Medicare Required to Cover Long-Term Rehabilitation Even if Prior Hospitalization Is Not Covered

The United States District Court for the District of New York has recently ruled that Medicare must cover a long-term care stay at a skilled nursing facility, even if the preceding hospital stay was not covered under Medicare, since the hospital stay was “medically necessary.”  Elder v. Hargan, U.S. Dist. Ct., W.D.N.Y., No. 16-CV-290-FPG, Jan. 26, 2018.

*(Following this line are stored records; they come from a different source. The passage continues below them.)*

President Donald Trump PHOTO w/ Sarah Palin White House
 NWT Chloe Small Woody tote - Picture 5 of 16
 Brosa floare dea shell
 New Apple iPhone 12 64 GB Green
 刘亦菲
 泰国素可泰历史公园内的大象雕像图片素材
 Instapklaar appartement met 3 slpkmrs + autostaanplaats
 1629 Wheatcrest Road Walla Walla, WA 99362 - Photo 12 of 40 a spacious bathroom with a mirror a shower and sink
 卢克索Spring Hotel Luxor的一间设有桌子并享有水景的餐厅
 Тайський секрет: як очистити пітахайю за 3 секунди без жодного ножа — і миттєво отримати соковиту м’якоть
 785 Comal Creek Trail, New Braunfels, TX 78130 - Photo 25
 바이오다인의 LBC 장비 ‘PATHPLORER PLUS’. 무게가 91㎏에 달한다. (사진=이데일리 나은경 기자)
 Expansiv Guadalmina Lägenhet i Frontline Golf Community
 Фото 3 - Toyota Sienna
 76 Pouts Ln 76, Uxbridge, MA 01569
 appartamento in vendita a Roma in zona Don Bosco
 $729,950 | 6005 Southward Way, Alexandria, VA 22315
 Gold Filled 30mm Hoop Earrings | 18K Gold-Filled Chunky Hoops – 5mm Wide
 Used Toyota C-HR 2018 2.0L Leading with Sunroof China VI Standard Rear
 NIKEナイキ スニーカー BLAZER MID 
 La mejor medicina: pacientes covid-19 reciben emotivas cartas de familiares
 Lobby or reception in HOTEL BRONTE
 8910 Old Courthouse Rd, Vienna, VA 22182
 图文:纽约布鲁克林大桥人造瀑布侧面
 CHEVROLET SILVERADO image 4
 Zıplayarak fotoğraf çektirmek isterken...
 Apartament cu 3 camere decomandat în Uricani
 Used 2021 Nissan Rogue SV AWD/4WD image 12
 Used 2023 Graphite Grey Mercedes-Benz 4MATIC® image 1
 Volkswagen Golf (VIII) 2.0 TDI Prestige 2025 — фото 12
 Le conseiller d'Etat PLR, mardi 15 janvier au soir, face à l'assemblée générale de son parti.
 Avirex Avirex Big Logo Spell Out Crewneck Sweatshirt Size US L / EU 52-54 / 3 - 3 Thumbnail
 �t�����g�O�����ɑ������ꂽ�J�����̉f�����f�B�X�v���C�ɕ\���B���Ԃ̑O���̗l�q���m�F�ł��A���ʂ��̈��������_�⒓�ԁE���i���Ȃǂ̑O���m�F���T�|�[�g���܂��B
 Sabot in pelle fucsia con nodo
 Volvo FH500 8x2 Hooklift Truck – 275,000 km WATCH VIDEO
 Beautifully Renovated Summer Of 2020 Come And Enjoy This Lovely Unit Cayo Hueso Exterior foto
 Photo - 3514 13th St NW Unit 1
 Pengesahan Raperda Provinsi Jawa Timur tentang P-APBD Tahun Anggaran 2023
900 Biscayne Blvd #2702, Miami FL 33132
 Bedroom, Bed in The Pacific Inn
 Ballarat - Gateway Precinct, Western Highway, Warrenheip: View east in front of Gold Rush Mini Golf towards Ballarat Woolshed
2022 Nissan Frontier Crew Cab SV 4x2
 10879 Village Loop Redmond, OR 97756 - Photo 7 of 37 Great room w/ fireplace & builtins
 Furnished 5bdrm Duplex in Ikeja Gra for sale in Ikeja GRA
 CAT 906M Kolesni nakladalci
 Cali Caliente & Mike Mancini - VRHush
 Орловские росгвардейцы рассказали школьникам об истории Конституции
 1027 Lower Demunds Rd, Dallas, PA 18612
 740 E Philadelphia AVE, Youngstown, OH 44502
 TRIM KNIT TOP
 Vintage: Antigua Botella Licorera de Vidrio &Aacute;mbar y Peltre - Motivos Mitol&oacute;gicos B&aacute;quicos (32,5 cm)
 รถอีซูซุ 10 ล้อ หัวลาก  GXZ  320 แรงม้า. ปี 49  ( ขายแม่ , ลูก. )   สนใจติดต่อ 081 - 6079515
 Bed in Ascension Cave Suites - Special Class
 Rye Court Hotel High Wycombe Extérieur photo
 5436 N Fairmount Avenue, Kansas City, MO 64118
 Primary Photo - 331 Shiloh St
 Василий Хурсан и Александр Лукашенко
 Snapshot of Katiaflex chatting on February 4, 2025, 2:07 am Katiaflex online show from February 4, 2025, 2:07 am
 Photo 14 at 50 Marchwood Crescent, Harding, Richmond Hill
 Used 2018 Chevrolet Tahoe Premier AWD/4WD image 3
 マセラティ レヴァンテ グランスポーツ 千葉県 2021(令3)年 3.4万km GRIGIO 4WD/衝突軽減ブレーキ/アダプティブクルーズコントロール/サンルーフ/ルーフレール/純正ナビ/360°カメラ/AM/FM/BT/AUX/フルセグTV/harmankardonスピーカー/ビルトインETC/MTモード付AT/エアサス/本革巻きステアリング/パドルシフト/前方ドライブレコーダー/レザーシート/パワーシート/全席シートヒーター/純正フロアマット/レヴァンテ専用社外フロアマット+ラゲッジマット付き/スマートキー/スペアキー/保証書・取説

William Elder was in the hospital for ten days for treatment of broken bones in his leg.  He was subsequently discharged to a skilled nursing facility (“SNF”) for rehabilitation.  Medicare denied payment for the rehabilitative services on the grounds that “Mr. Elder did not have a qualifying hospital stay prior to being admitted” to the SNF.  Mr. Elder appealed that denial of benefits administratively, and eventually the case was heard in the district court of New York. 

The district court held that as a matter of law, Medicare coverage for treatment in a SNF is appropriate if the Medicare recipient’s prior hospital stay is medically necessary, whether or not the hospital stay is actually covered by Medicare.  Thus, Mr. Elder’s SNF stay should have been covered by Medicare.

Unfortunately, Mr. Elder was required to argue his claim repeatedly in order to obtain coverage for a $5,850.00 bill, even though the law was clearly on his side.  This case can therefore be seen as an incentive to plan ahead for long-term care costs, and a warning not to assume that Medicare will take care of you when you most need it.